A few minutes earlier, another car with loud speakers was running in the street with another song: “Vote for this guy number X.”
I know nothing of local politics, but I know all the names of the candidates to council members. Why? Because with a noise comparable to the one which hammers the people detained in the US base of Guantanamo, every hour of the day and night cars with loud speakers go down the streets playing stupid songs about the candidates.
Does anybody on earth vote based on a silly song heard in the streets? I do not know, but that is what people do here in the interior of Brazil.
Welcome to the real Brazil. Not fancy Rio de Janeiro or fashionable São Paulo, but the tough Brazil where most Brazilians live. Lawless cities where you get used to anything.
There’s no respect for civil rights. You have to just get used to whatever happens. Here you’re always wrong and you cannot complain. This is the way it is they keep telling me. If you do not like it leave it.
It is amazing how Brazil is developing nowadays. Even with the marked slowdown in the economy, Brazil is much better off compared to 10, 15 years ago. Cities are growing at fast rate.
The interior of Brazil, however, seems to live another reality. Here the time has stopped. Here you have to get used to what happens and not to complain if you don’t want trouble.
The most popular TV show right now is the novela (soap opera) Avenida Brasil on Globo TV. Everybody is amazed by that. It is all too well to turn on the TV and be admiring the “true” Brazil, the real people. Then you turn off the TV and go to sleep in your pleasant apartment in Copacabana or Ipanema.
But if you live in the real Brazil the story is different. Your kids want to sleep but the car with loud speakers stops again in front of your place singing “puta que o pariu” at night. You cannot sleep.
Meanwhile on the backyard of your house a churrasco of what they call here “cat meat” invades your house with a terrible smell at night. Drunk women and men start singing loudly. And you start wondering what the hell you are doing here.

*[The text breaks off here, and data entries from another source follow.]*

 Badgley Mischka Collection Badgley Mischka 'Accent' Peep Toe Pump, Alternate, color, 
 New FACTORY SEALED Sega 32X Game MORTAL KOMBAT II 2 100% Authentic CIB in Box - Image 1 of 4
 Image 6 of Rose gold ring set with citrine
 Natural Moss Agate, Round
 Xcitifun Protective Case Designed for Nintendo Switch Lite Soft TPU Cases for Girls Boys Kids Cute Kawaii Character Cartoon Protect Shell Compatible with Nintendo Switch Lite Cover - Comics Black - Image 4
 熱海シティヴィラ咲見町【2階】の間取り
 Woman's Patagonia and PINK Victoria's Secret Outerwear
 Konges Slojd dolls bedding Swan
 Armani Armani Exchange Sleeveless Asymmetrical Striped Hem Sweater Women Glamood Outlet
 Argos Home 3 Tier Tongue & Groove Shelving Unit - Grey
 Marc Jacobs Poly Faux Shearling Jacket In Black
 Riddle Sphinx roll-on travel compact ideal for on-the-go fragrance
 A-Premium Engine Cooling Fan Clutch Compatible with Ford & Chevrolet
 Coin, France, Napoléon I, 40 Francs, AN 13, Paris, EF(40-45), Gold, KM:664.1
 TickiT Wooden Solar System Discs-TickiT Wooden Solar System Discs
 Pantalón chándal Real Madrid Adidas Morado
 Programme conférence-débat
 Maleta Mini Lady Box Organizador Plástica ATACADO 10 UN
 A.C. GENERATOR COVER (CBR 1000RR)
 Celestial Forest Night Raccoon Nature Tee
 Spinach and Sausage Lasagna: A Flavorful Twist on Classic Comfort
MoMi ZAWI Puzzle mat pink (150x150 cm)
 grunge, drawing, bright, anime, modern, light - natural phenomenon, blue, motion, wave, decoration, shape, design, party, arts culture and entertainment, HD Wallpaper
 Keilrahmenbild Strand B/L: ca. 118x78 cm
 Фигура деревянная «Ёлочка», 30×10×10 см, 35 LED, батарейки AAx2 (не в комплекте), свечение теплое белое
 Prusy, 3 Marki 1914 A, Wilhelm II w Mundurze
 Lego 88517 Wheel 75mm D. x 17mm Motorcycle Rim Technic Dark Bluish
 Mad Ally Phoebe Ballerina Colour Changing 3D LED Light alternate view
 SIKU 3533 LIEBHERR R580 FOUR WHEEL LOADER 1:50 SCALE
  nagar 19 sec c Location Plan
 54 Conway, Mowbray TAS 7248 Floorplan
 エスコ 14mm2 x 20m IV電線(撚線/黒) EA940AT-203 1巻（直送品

Do you like real Brazil right? Go there, stay there, live there. Then you are going change your mind. The beauty of the place and of nature goes together with people’s wildness.
Brainwashing is so deep that even in the kindergarten children sing “Ai, ai assim você mata o papai” (Wow, wow, this way you’ll kill daddy). The song has undoubtedly double meaning with heavy sexual content, but children don’t get it.
If I weren’t a foreigner would I vote based on the songs heard in the streets? Maybe not. But what I can say for sure is that it’s not easy to adapt to this reality. And an old song comes to my mind: “Should I stay or should I go?”